Task material -
***

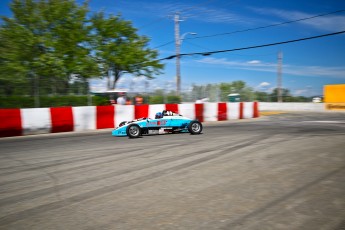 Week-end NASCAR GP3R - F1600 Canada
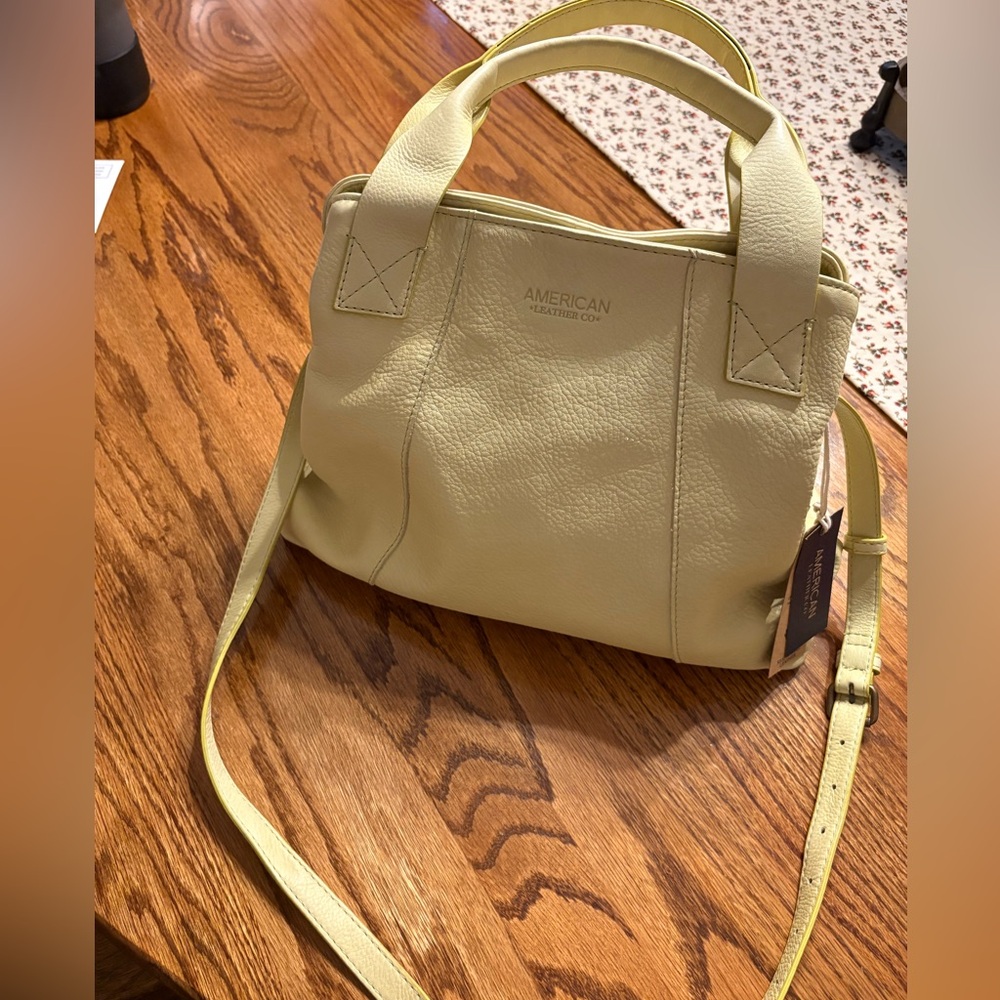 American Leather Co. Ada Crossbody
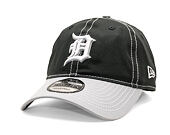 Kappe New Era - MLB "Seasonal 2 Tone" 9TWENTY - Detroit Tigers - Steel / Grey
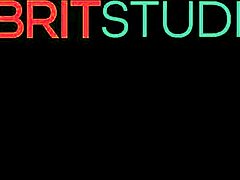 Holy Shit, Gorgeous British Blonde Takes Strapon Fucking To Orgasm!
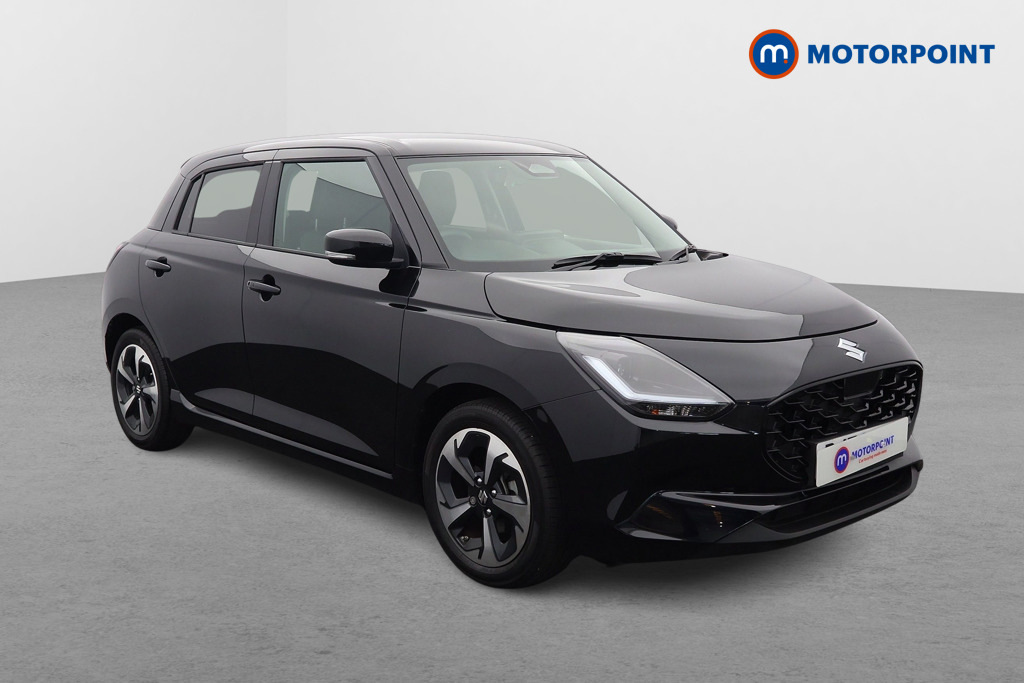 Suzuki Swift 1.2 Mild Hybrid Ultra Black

***

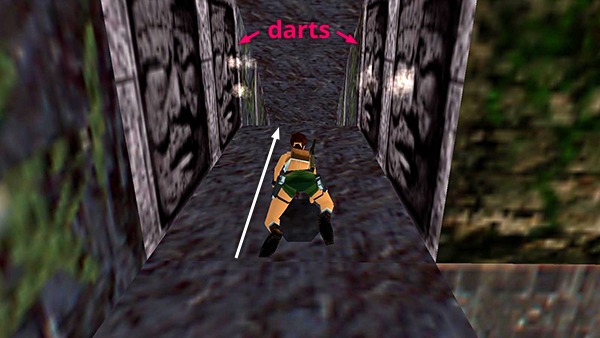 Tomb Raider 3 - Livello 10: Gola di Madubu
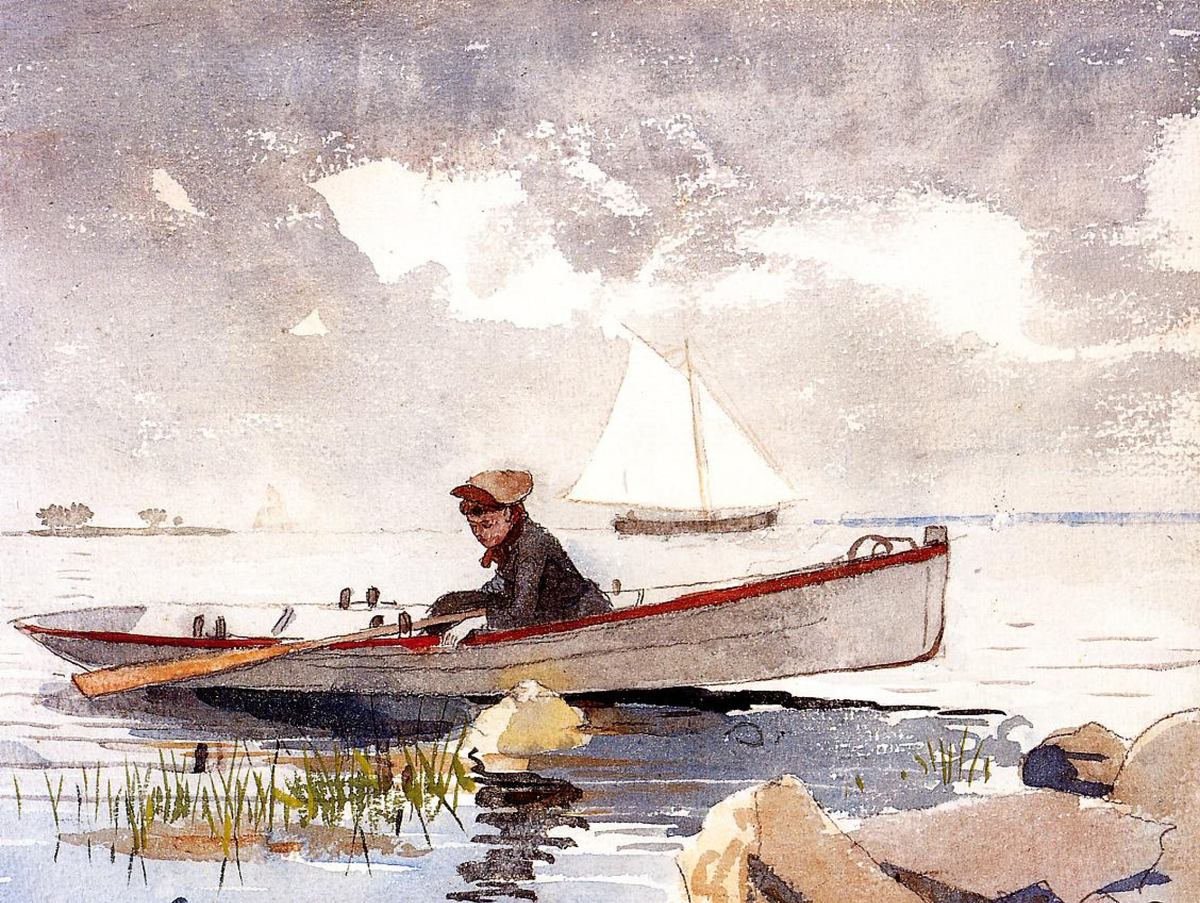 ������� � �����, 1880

***

Problem details -
The stretch to restate runs from the line above containing "Week-end NASCAR GP3R - F1600 Canada" through the line containing "Suzuki Swift 1.2 Mild Hybrid Ultra Black". Copy it word for word, ends included, without pictures.

Final answer -
 Week-end NASCAR GP3R - F1600 Canada
 American Leather Co. Ada Crossbody
 Kappe New Era - MLB "Seasonal 2 Tone" 9TWENTY - Detroit Tigers - Steel / Grey
 Holy Shit, Gorgeous British Blonde Takes Strapon Fucking To Orgasm!
 Suzuki Swift 1.2 Mild Hybrid Ultra Black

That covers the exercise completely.